Bombastic build-up, but damp squib of an end

Bombastic build-up, but damp squib of an end

Bombastic build-up, but damp squib of an end

Tanu Weds Manu Returns
Hindi (U/A) Director: Aanand L Rai
Cast: R Madhavan, Kangna Ranaut, Deepak Dobriyal, Jimmy Shergill, Rajesh Sharma, Eijaz Khan, Zeeshan Ayyub and Swara Bhaskar

Relationships, when portrayed or depicted well, become sagas for generations. Anyone who has seen director Aanand L Rai’s Raanjhanaa will tell you as much, and probably also mouth a few of Dhanush’s lines. But the portion of the film that elevated Rai’s previous film lets Tanu Weds Manu Returns.

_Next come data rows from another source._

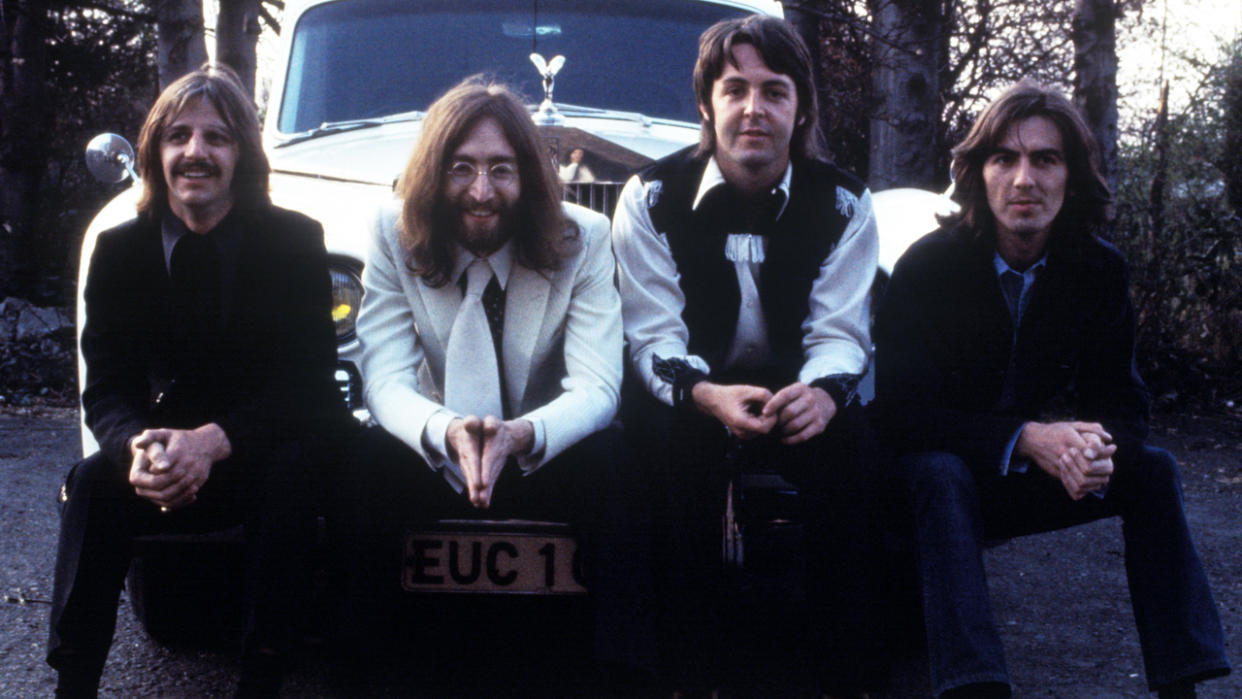  The Beatles sit on a white Rolls Royce. 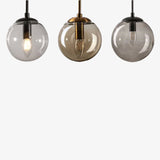 Applique murale avec boule en verre suspendue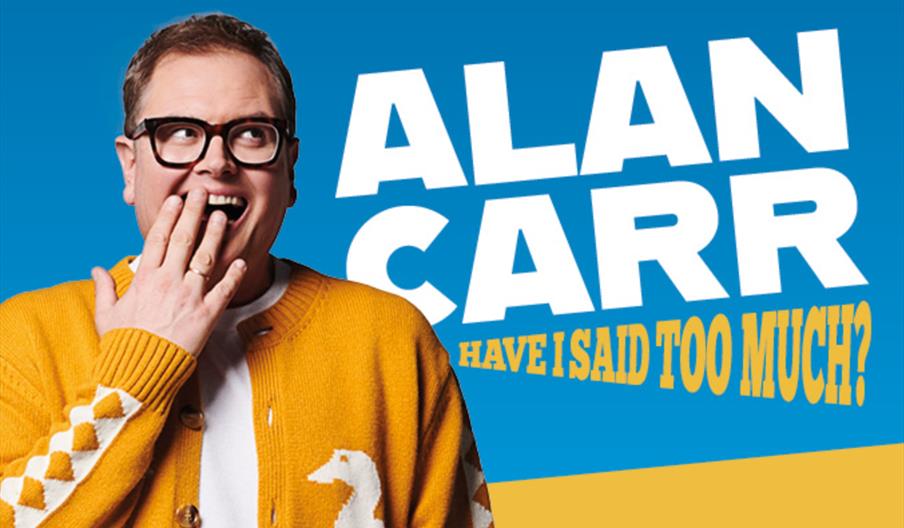 Alan Carr in a yellow sweater with a white design covers his mouth while smiling, standing in front of large text that reads "ALAN CARR" and "HAVE I S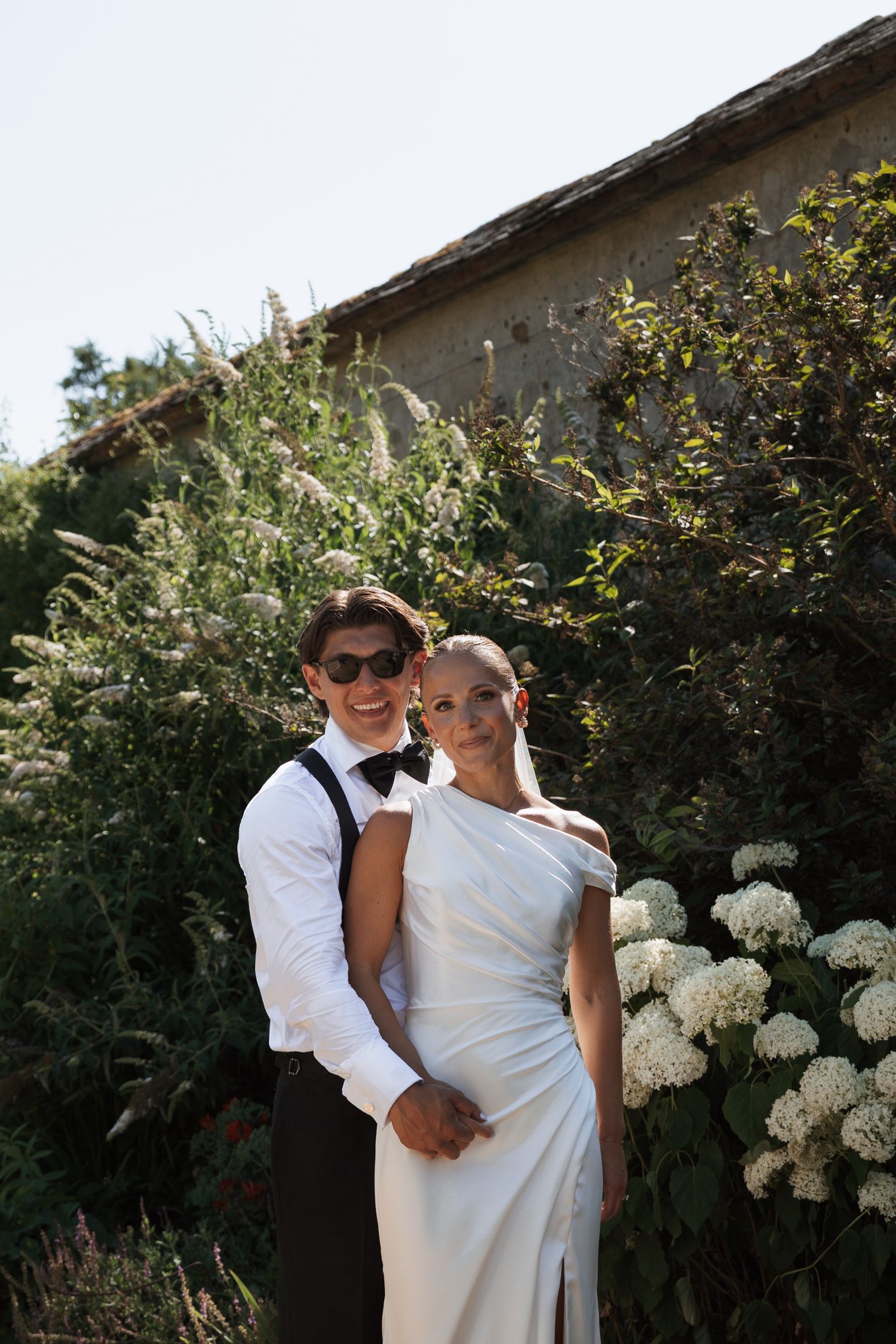 Elegant bride in white gown and groom in suspenders pose together in lush garden with hydrangeas.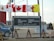 A sign for the Polar Continental Shelf Program by Natural Resources Canada is prominently displayed. The sign includes English and Inuktitut languages. Above the sign, several flags wave in the wind, including the Canadian flag. The area appears to be an outdoor setting with construction materials and vehicles visible.
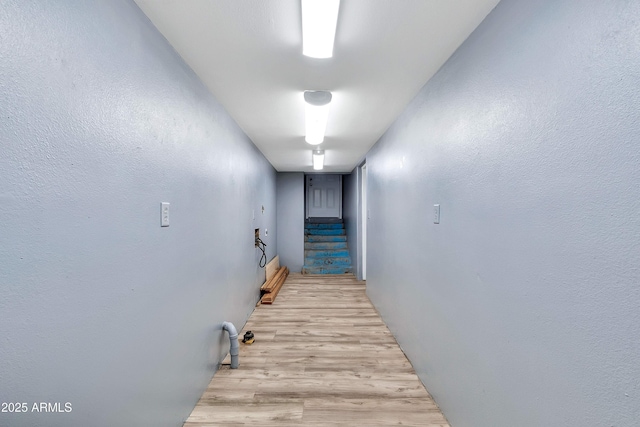 corridor with light wood-type flooring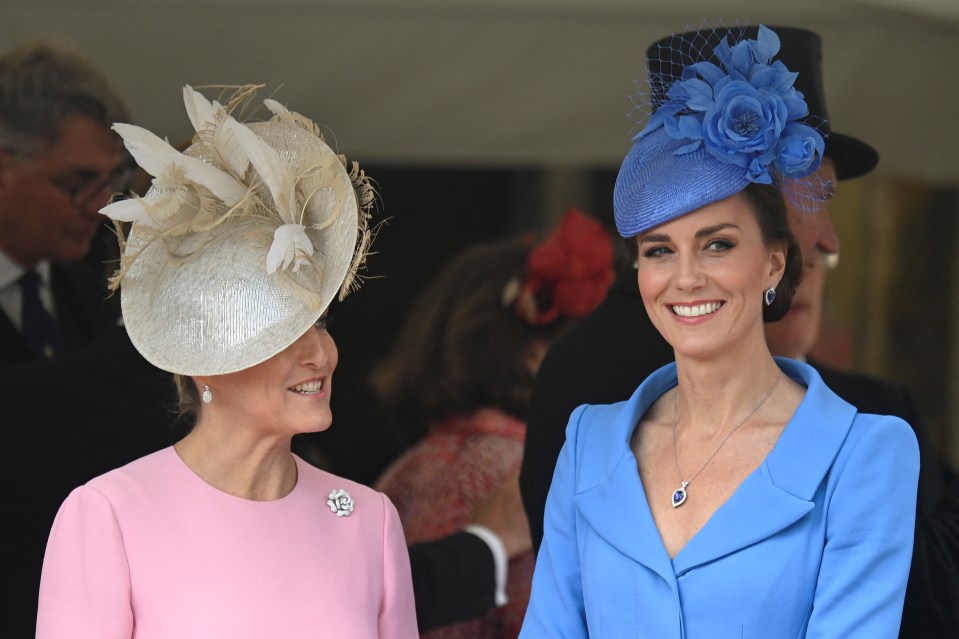 Sophie, Countess of Wessex, and Kate beam in pink and blue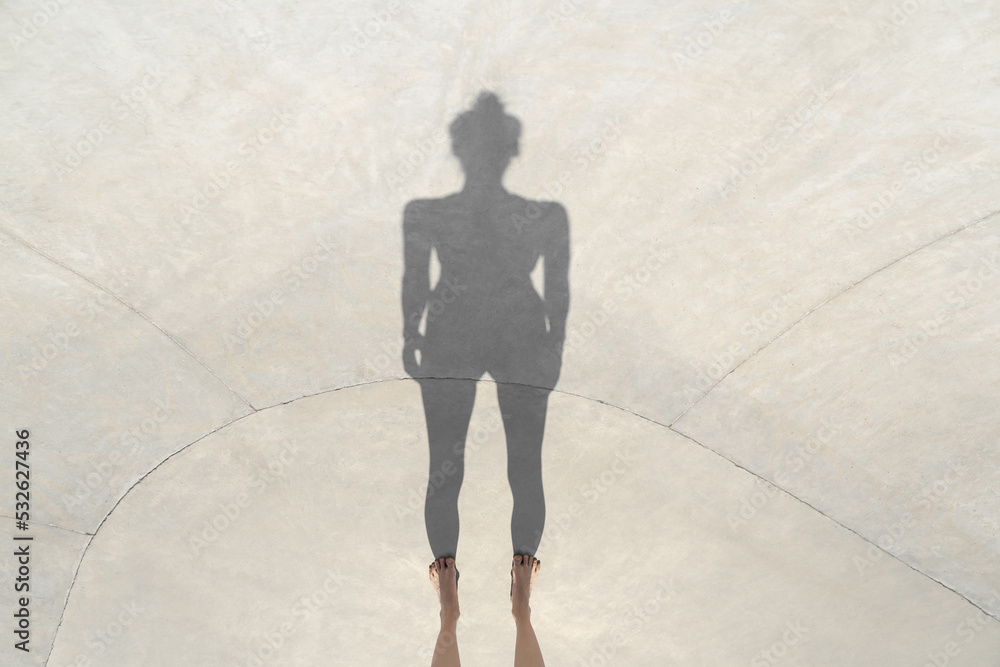Sportive girl is posing in outdoor skate park Sportive girl is posing in outdoor skate park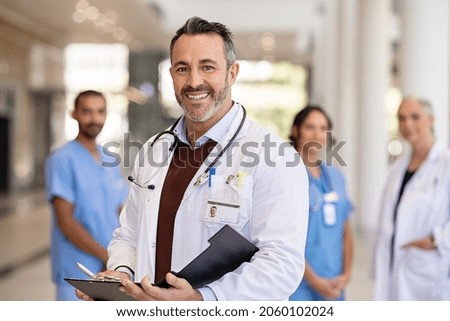 Portrait of mature doctor wearing lab coat and stethoscope reading patient case file in hospital. Successful head physician standing in hospital hallway and looking at camera with his medical team. Royalty-Free Stock Photo #2060102024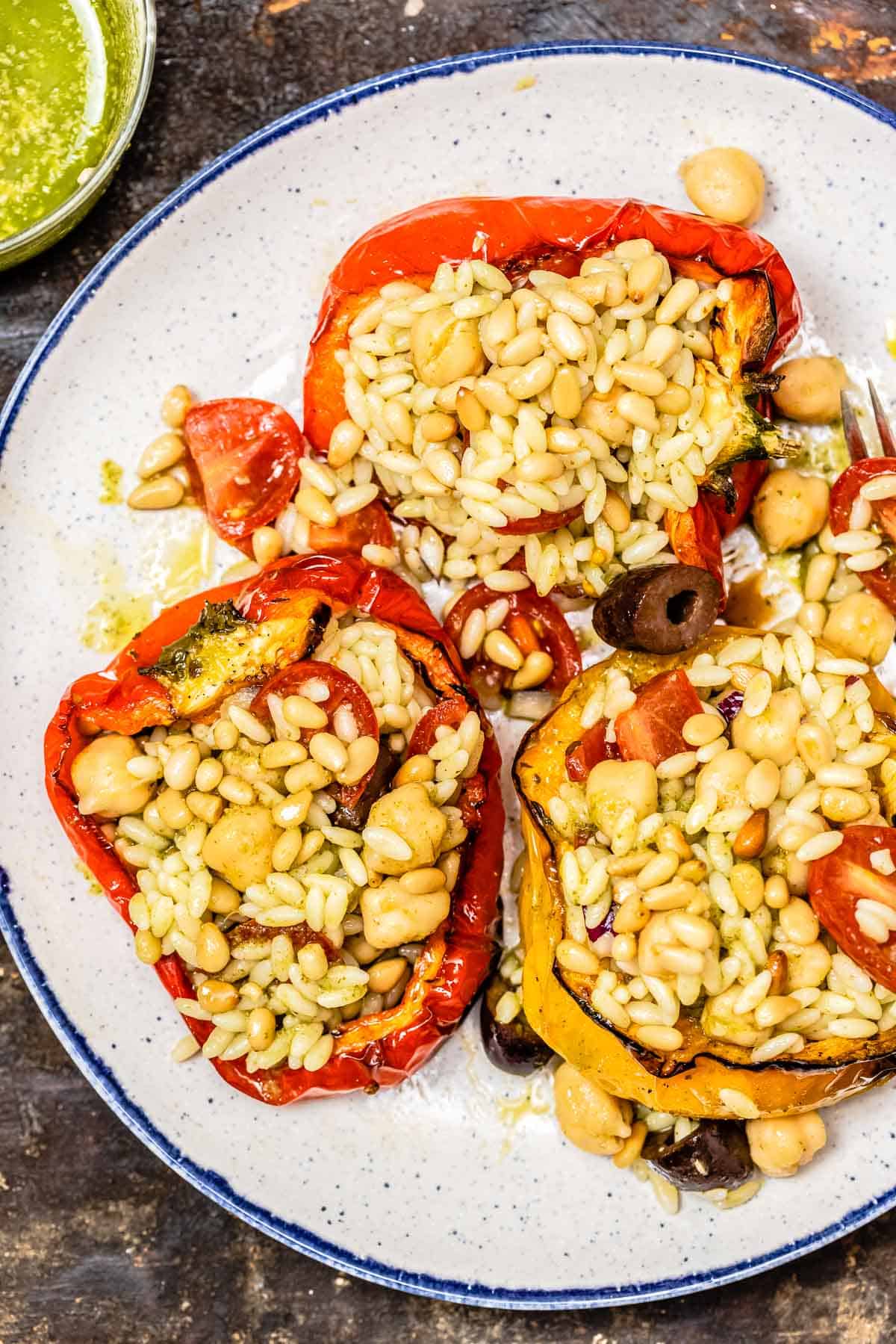 an overhead photo of three vegetarian stuffed peppers on a plate.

This one is, for the most part, every bit a Rai-trademarked tour de force, from the comedy to observations about life, from Deepak Dobriyal and Zeeshan Ayyub’s near-show-stealing performances to music that powers the film forward. However, it is only at the end that the film sags, and how! For those unfamiliar with the premise, we last saw the perennially docile Dr Manoj “Manu” Sharma (Madhavan) manage to snag the potentially anarchist Tanuja “Tanu” Trivedi (Kangna) from UP badlands goon/builder Raj Awasthi (Jimmy Shergill) in Tanu Weds Manu. The Returns flick – one of those ultra-rare true sequels in Bollywood – starts with their wedding video, goes on to show how, four years later, their marital discord spills onto the floors of a psychological precinct, resulting in Manu’s incarceration to the mental asylum.

Tanu lets him “marinate” there for a few days and returns home to Kanpur, but not before asking Pappi (Dobriyal) to get Manu released from the asylum. On his return to India, Manu sends a legal notice to Tanu, who then begins to use her charm – from a far-removed cousin (Ayyub) to Awasthi – to see if she can get Manu to come grovelling back. Manu, meanwhile, falls for motormouth golden-hearted Haryanvi athlete Datto aka Kusum, whom he mistakes for Tanu, and she reciprocates.

So who ends up with whom? Rai’s story breezes through the first half, but falters in the second.

While the histrionics, the music, the dialogues, occasional social messages and most of the story hold it up, several stray loose ends, an unnecessary song and a dampener of a climax prevent this film from getting that one extra star in the review that it otherwise deserves.

 To spell it out would spoil the end. Let’s just say that Kangna ended up better as Datto than Tanu.